Esse prazo inicial de 2020 é importante – significa que os contornos do New Deal Verde estarão concluídos até o próximo ciclo eleitoral dos EUA, e qualquer político que queira ser levado a sério como progressista precisará adotá-lo como peça central de sua plataforma. Se isso acontecer, e o partido no comando do New Deal Verde retomar a Casa Branca e o Senado em novembro de 2020, haveria de fato tempo sobrando no relógio climático para cumprir as duras metas estabelecidas no recente relatório do IPCC, que nos disse que temos apenas 12 anos para reduzir as emissões de combustíveis fósseis em 45%.

Isso, afirma o resumo do relatório em sua primeira frase, não é possível apenas com políticas como impostos sobre a emissão de carbono. Em vez disso, são necessárias “mudanças rápidas, de longo alcance e sem precedentes em todos os aspectos da sociedade”. Ao dar à comissão um mandato que conecta energia, transporte, moradia e construção, bem como assistência médica, salários dignos, garantia de empregos e o imperativo urgente de combater a injustiça racial e de gênero, o plano New Deal Verde estaria mapeando precisamente esse tipo de mudança de longo alcance. Não se trata de uma abordagem fragmentada que aponta uma pistola de água contra um fogo ardente, mas um plano abrangente e holístico para efetivamente apagar o fogo.

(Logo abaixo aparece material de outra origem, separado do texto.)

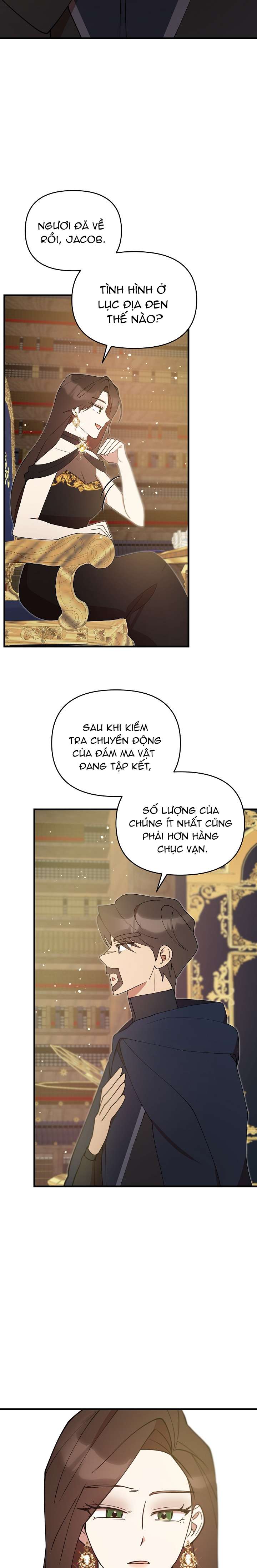 Tôi Đã Vô Tình Quyến Rũ Em Trai Của Nam Chính Chap 53 - Trang 2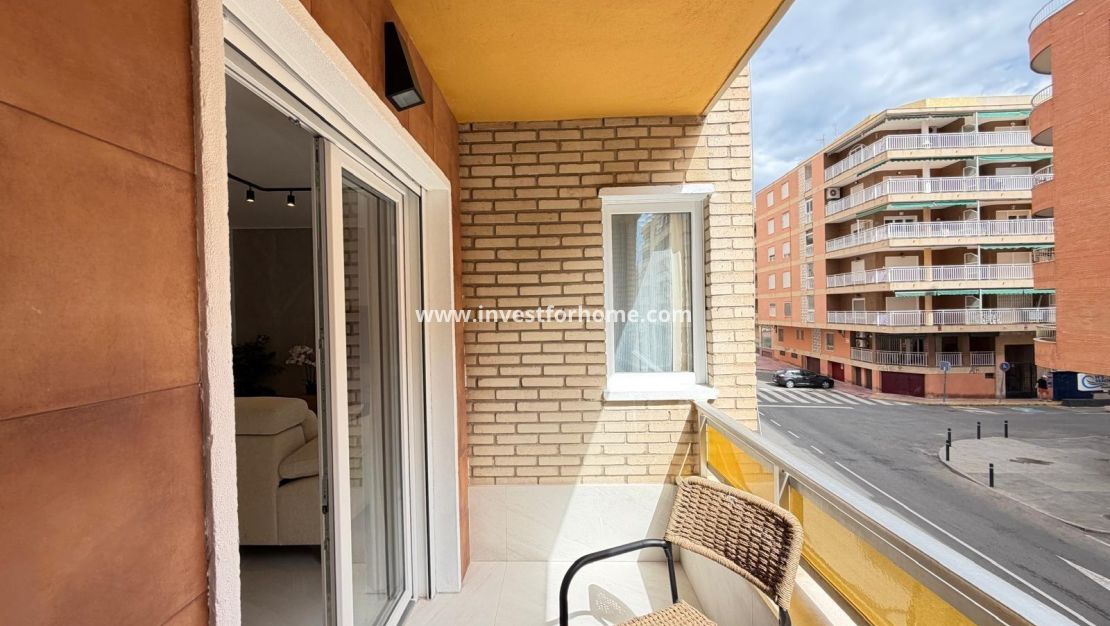 Verkoop - Appartement - Torrevieja - Playa del Cura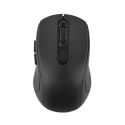 Souris sans fil silencieuse avec capteur USB sans fil et capteur optique haute précision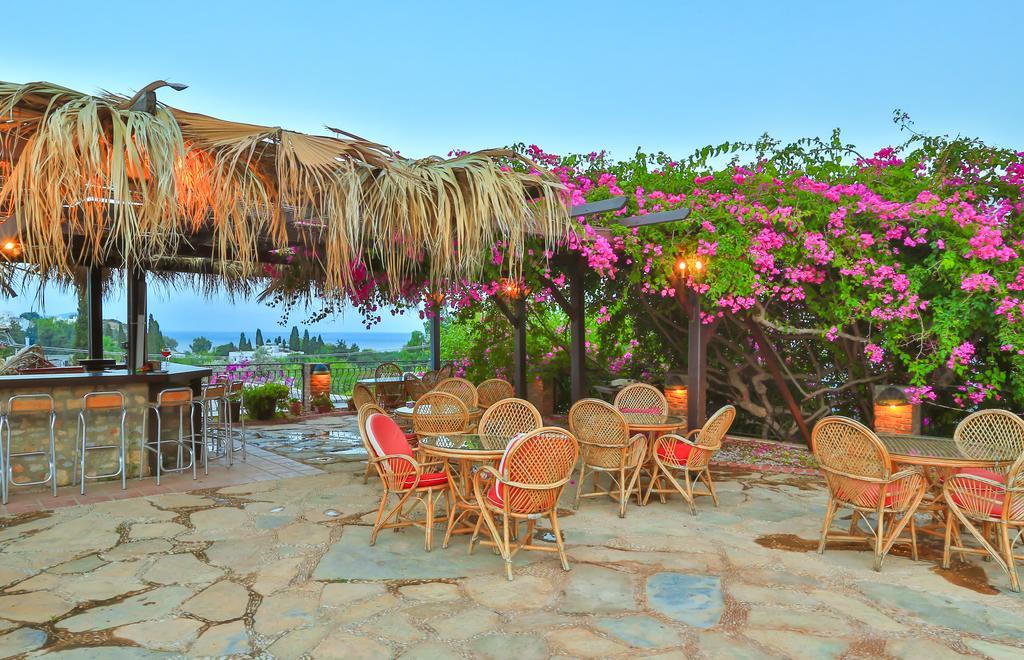 Sunny Garden Nilufer Hotel Тургутрейс Екстер'єр фото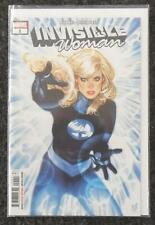 Invisible Woman Nr. 1 (Sept. 2019) - Marvel Comics USA - Z. 0-1/1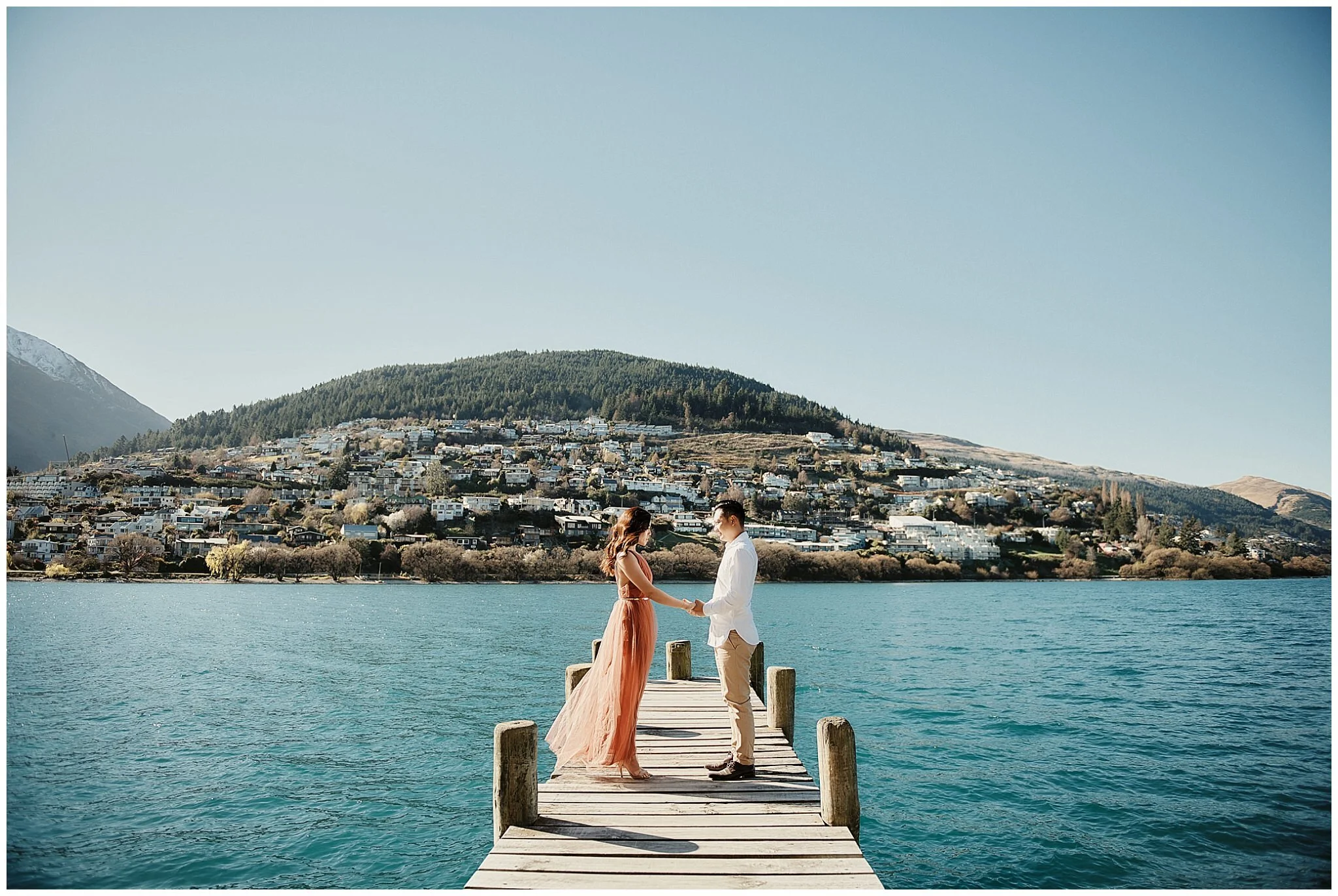 Queenstown Engagement Shoot Photographer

Se a maior economia do mundo parecer preparada para demonstrar esse tipo de liderança visionária, outros grandes emissores – como a União Europeia, a China e a Índia – quase que certamente se veriam sob intensa pressão de suas próprias populações para fazerem o mesmo.

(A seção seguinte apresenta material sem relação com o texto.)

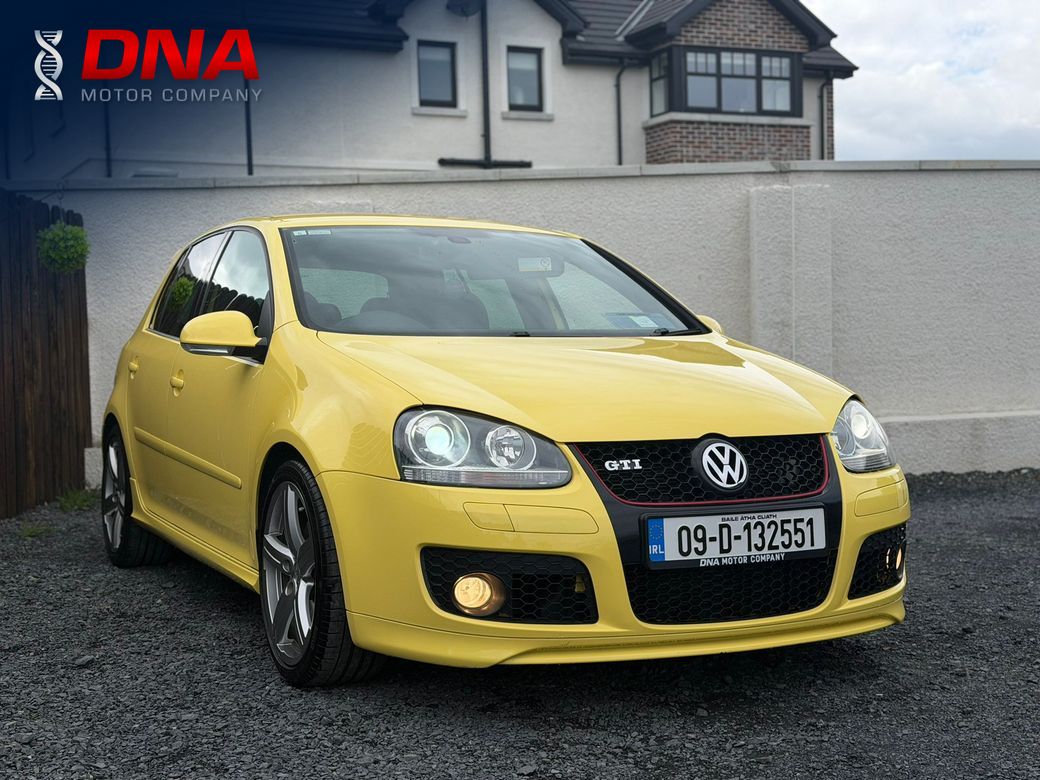 Image for 2009 Volkswagen Golf GTI PIRELLI EDITION - IMMACULATE - 230BHP DSG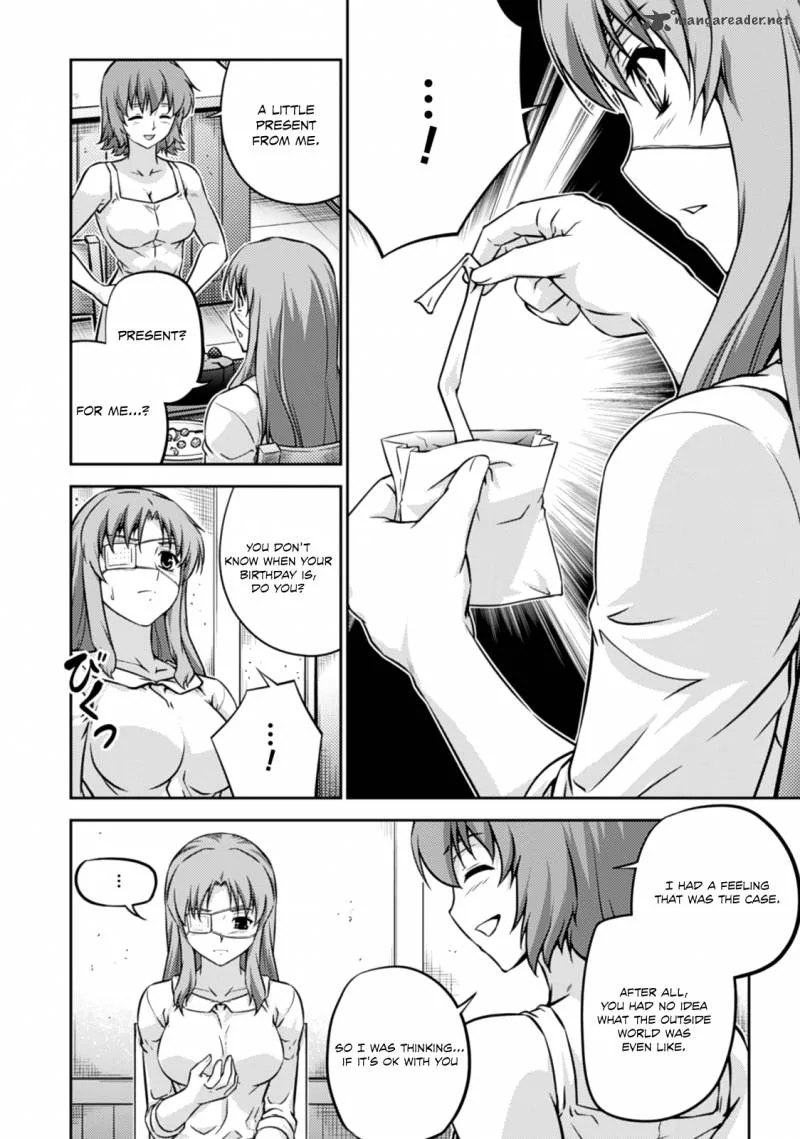 Freezing Zero Chapter 29 page 13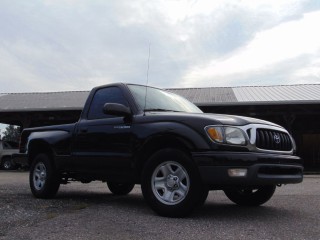 Image for 2001 Toyota Tacoma  ID: 6789206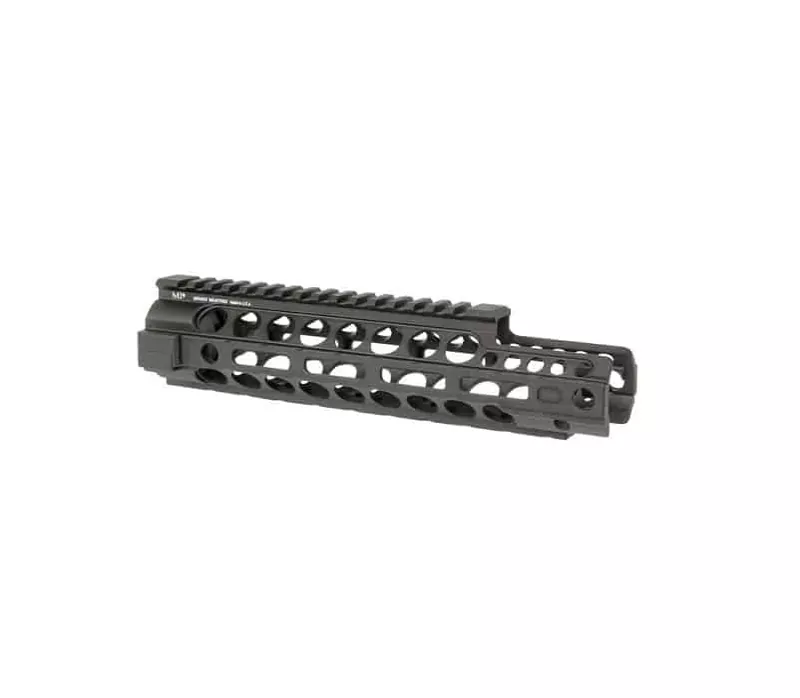 Midwest Industries AR15 9.5” Two Piece M-LOK Free Float Handguard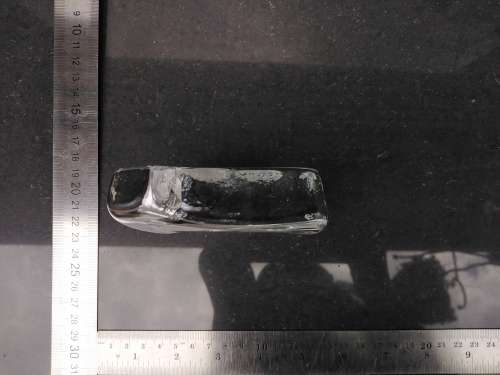 Vintage! Mazda Wildlife - Cristal D`Arques Made In France - Eagle - Paperweight Souvenir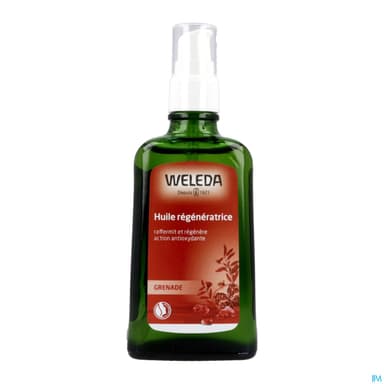 WELEDA GRENADE HLE REGENER 100ML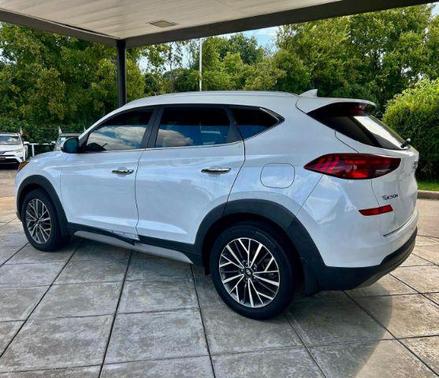 2021 Hyundai TUCSON Limited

Agora, nada a respeito do caminho que acabei de descrever é certo ou mesmo provável: A bancada do Partido Democrata, sob direção de Nancy Pelosi, provavelmente esmagará a proposta do New Deal Verde, assim como o partido arrasou com as esperanças de acordos climáticos mais ambiciosos sob Obama. Os investidores apostarão no partido fazer pouco mais do que ressuscitar o comitê climático que ajudou a produzir a legislação sobre limitação e comércio no primeiro mandato de Obama, um esquema de mercado mal sucedido e confuso que teria tratado os gases de efeito estufa como abstrações de capitalismo tardio a ser negociado, empacotado e especulado como moeda ou dívida subprime (o motivo pelo qual Ocasio-Cortez está insistindo que os legisladores que aceitam dinheiro de combustível fóssil não devem estar na comissão seleta do New Deal Verde).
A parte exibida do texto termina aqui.